O outro não tinha rosto nem voz, o outro era um corpo – que a menina desejava
como uma planta precisa de água.
Na festa de Natal, Carolina, de 6
anos, esperava Papai Noel. Marcelo, 10 anos, não acreditava mais no bom
velhinho e sonhava em ir a Disney conhecer Mickey Mouse. Rosa, 4 anos, comia
rabanada pela primeira vez. Seu Ronaldo, 70, conversava com a filha Bel, 42,
que não se depilava desde que começara a cultivar alface. Recém-separada,
Marlene, 33, pintara as unhas de vermelhão. A anfitriã Márcia, 40, perdera o
ponto do suflê. O anfitrião Enzo, 43, notava a falta de uma garrafa de vinho.
Vera, de 15 anos, pedira desculpas por estar com cólica e se deitara cedo.
Cessou a imaginação para dar
colorido ao escuro do quarto. A dor era urgente – porque Vera já sonhara demais.
Ela cumpria a noite sem dignidade, imersa no silêncio – lá, onde não seria
diferente. E, como imergisse no
silêncio, Vera esperava. E, como esperasse à vera, estando aquém, o tempo
traduziu-a em além – palavra. A verdade é que faltava verossimilhança à Vera.
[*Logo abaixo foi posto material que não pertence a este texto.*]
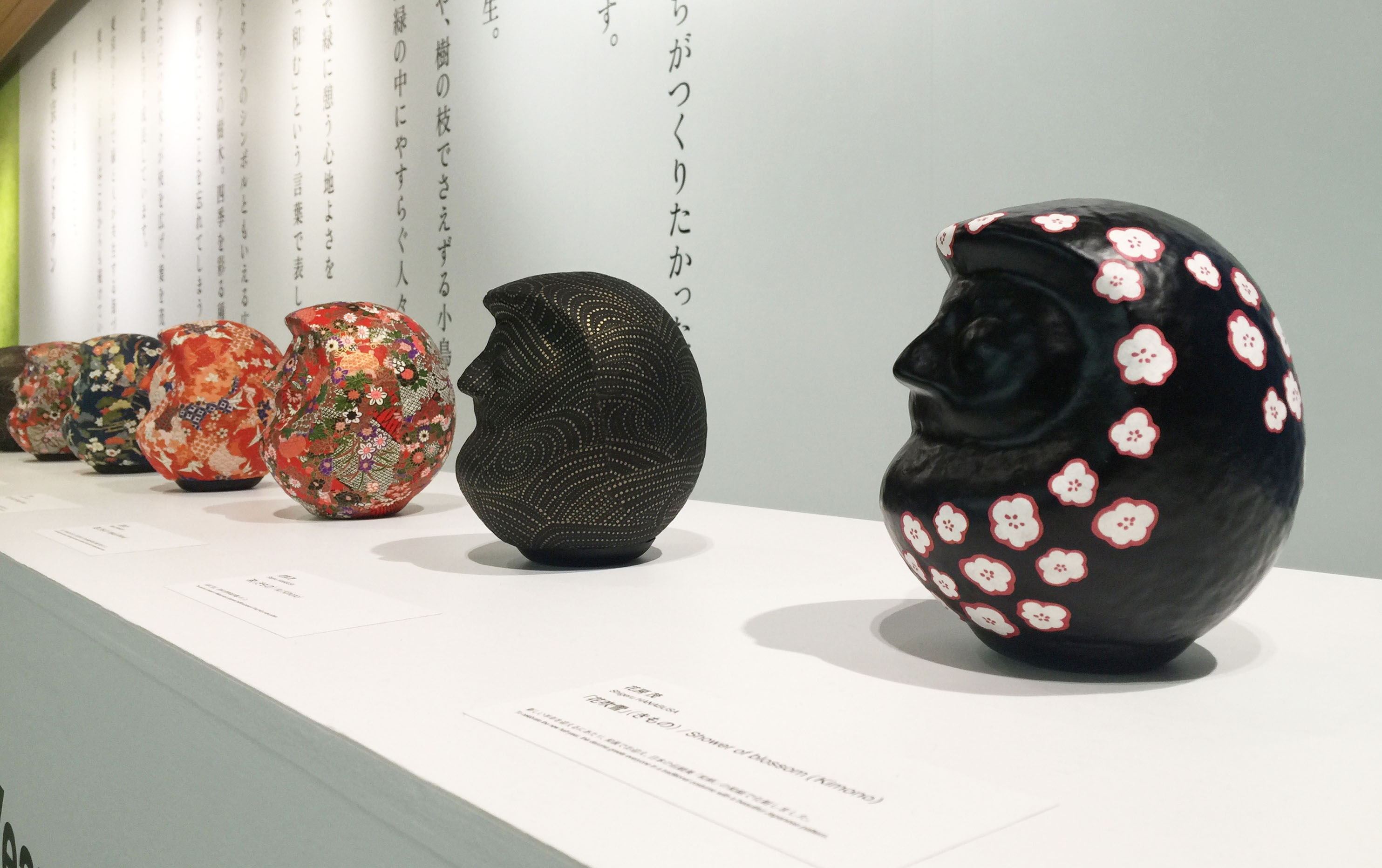 黒字に花びら模様や金のラインが入っただるまアートの写真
Enquanto Vera era tudo o que não era, aguardava. E eis que, surpreendida por um
efeito mágico, inesperado, foi Vera – gargalhou ou disse amém – e,
misteriosamente, foi feliz para sempre. Até o momento em que o estômago
embrulhou, Vera pensou que fosse morrer e, vomitando o tal vinho, perdeu
definitivamente o apetite para a ceia de Natal.